Symbolic Moment of U.S. Defeat in Afghanistan
KABUL, Afghanistan (Dispatches) — The top American general in Afghanistan stepped down on Monday, a symbolic moment of failure as the United States nears the end of its 20-year-old war and Taliban fighters sweep across the country.
At a muted ceremony at U.S. and NATO military headquarters in Kabul, Gen. Austin S. Miller ended his nearly three-year term as commander. His duties will be filled by two officials. Rear Adm. Peter G. Vasely, who recently served as operations director for the Defense Intelligence Agency, will take charge of the security mission at the United States Embassy in Kabul. He will report to Gen.
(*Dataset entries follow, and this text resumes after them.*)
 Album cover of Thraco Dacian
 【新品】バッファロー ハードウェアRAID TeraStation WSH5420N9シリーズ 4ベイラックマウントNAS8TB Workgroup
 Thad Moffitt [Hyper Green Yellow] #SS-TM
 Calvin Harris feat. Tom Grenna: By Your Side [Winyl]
Kenneth F. McKenzie Jr., the head of the military’s Central Command, who will take over the broader military mission in Afghanistan.
The ceremony, which lasted less than an hour, was attended by high-ranking Afghan officials, including Abdullah Abdullah, who is leading peace negotiations. “Our job is now just not to forget,” General Miller said.
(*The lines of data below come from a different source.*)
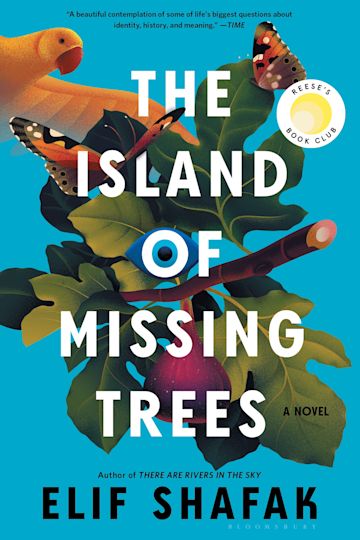 The Island of Missing Trees cover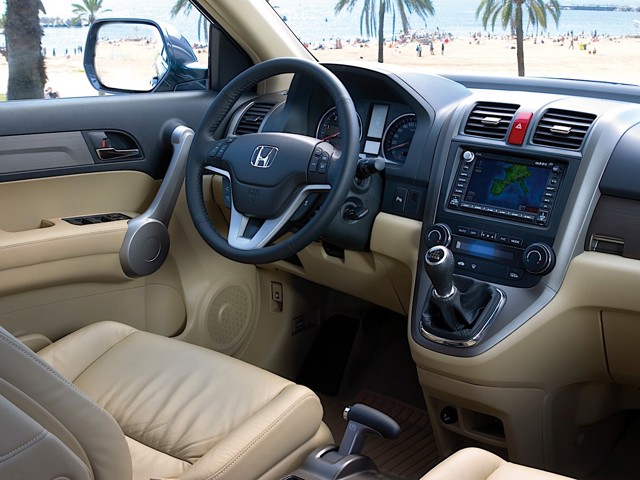 Honda Cr-V photo 69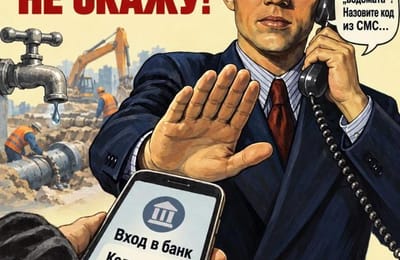 «Ангарский Водоканал» информирует о случаях мошенничества, связанных с «водоматами»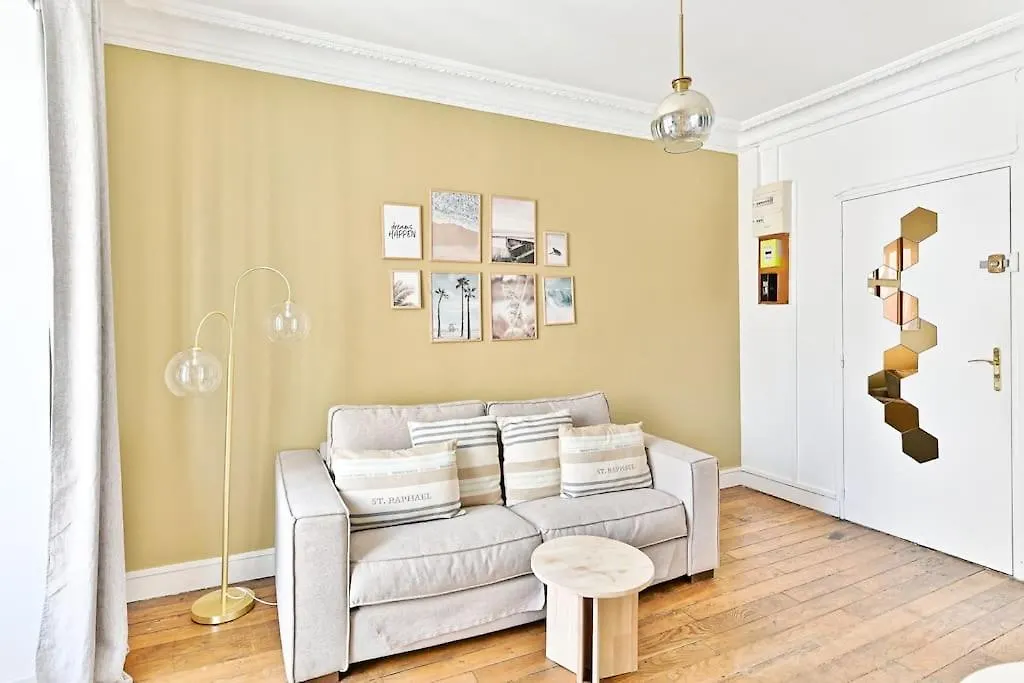 Apartment Next Tour Montparnasse - V باريس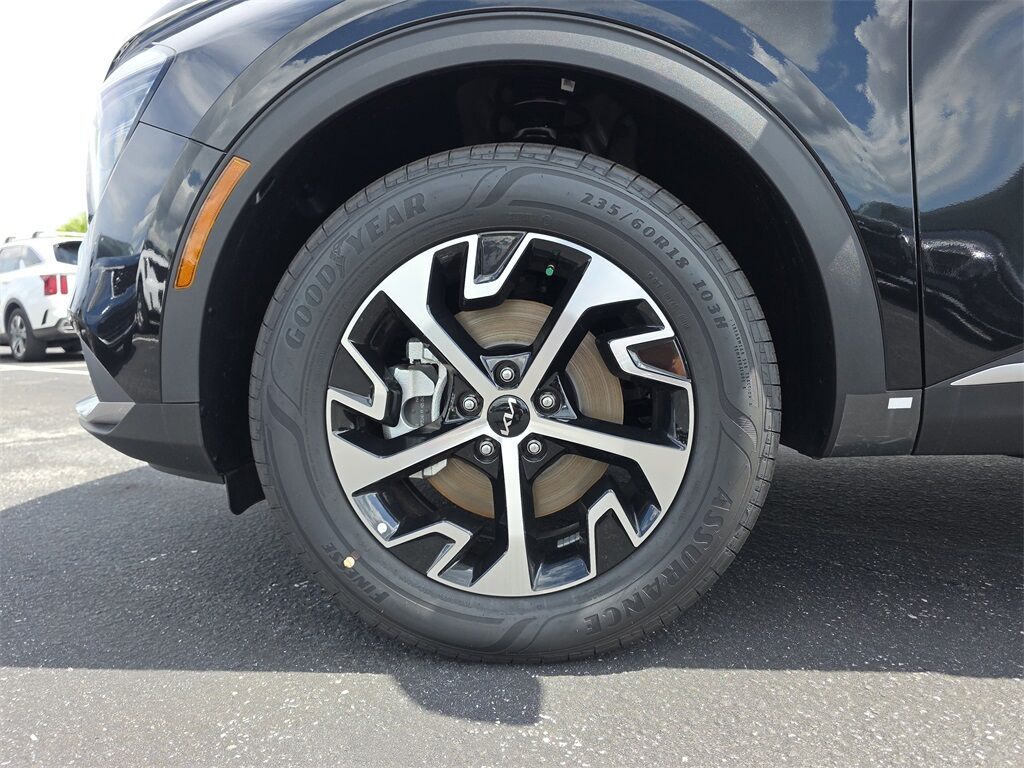 2025 Kia Sportage Hybrid EX San Clemente CA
General McKenzie, who arrived in Kabul on Monday, spoke afterward, saying “It’s not the end of the story” and that “it’s the end of a chapter.”
The ceremony came on the heels of a Taliban military offensive that has taken swaths of the country, sometimes without firing a shot. The campaign, which has displaced tens of thousands and wounded or killed hundreds of civilians, is a constant indicator of the United States-led mission’s inability to groom an effective Afghan military despite spending billions of dollars on the effort since the U.S. invasion in 2001.
Despite thousands of airstrikes, increased civilian casualties and short-term tactical gains, the U.S. military campaign was a total failure: The final agreement between the insurgent group and the United States in February 2020 clearly favored the Taliban, and the Afghan government was completely cut out of the deal.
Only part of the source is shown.